• PROVIDED MATERIAL:

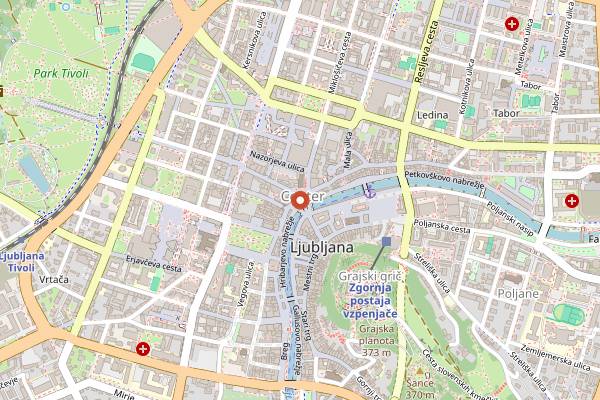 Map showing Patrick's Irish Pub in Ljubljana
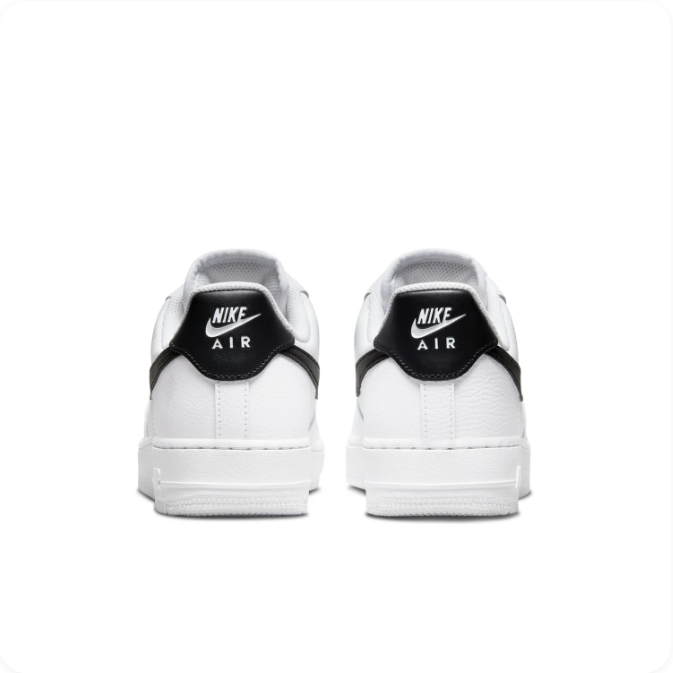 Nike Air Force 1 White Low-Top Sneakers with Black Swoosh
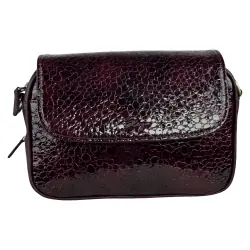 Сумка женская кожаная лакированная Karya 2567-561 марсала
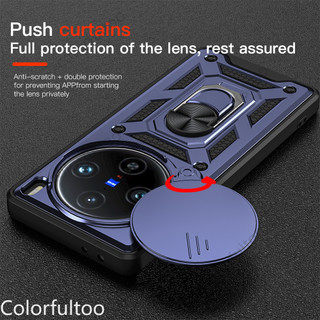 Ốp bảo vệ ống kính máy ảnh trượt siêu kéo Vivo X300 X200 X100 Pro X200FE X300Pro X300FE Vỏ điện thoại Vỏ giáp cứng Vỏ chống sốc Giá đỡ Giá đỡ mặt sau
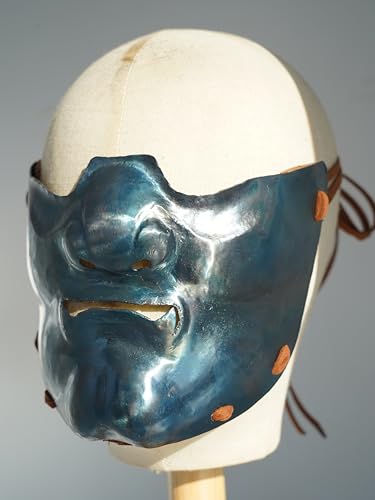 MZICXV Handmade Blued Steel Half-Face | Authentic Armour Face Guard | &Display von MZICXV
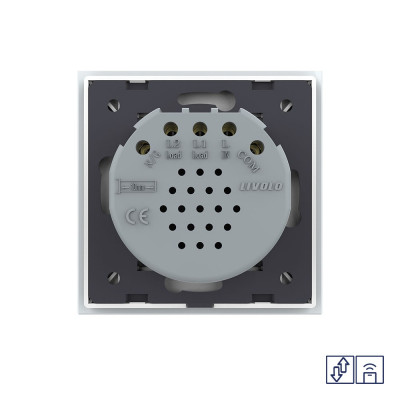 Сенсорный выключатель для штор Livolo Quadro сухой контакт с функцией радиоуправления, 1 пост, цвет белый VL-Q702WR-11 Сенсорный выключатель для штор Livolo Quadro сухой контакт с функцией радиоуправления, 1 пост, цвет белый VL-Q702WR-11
...
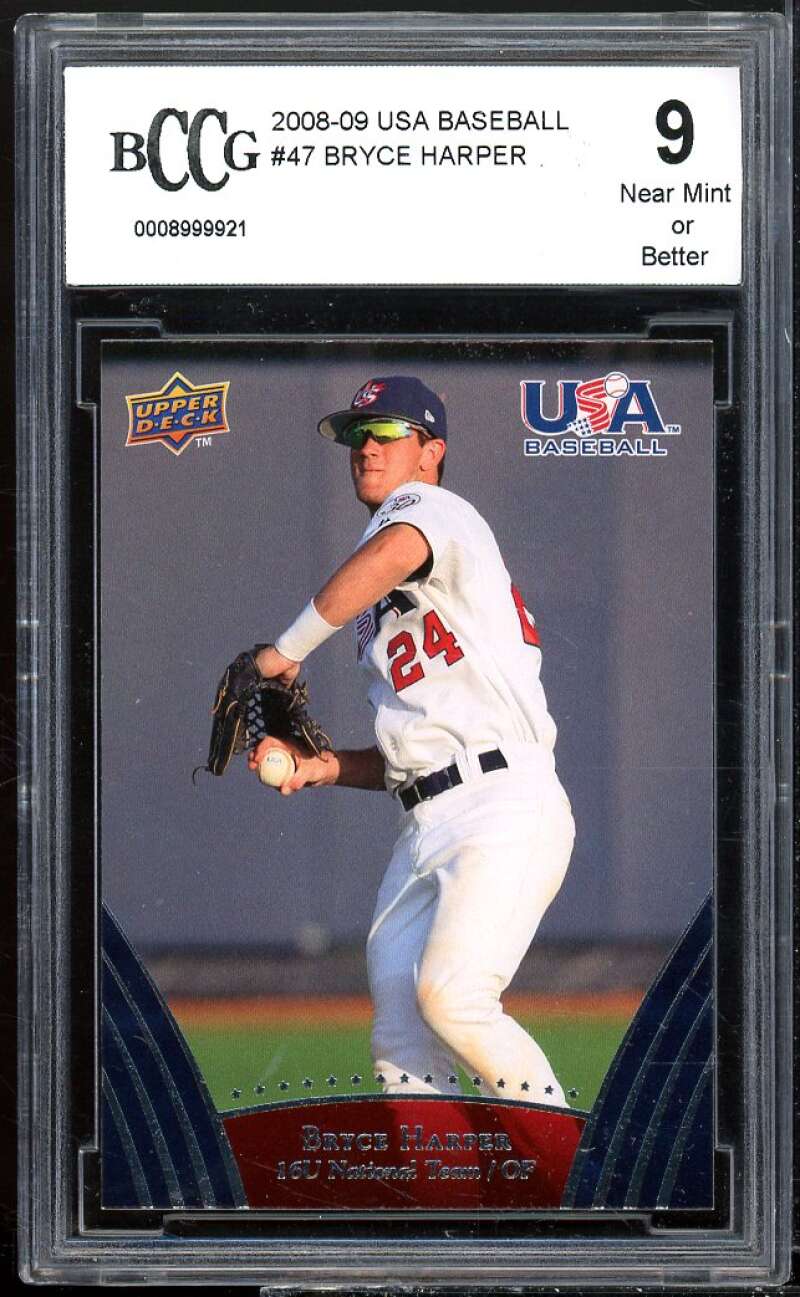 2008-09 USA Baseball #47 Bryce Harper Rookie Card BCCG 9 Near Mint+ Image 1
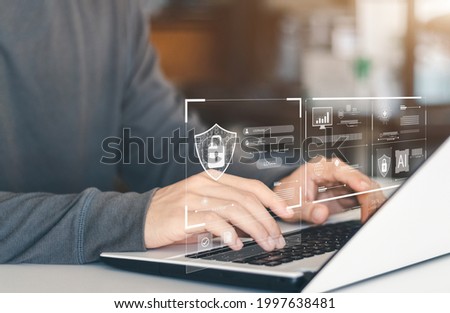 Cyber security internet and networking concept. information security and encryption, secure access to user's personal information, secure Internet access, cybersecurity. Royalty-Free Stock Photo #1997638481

• TASK PROMPT: Reproduce the listing above exactly from the line containing "2008-09 USA Baseball" up to and including the line containing "Cyber security internet", omitting any images and everything outside those lines.

• RESPONSE TO THIS TASK:
 2008-09 USA Baseball #47 Bryce Harper Rookie Card BCCG 9 Near Mint+ Image 1
 Cyber security internet and networking concept. information security and encryption, secure access to user's personal information, secure Internet access, cybersecurity. Royalty-Free Stock Photo #1997638481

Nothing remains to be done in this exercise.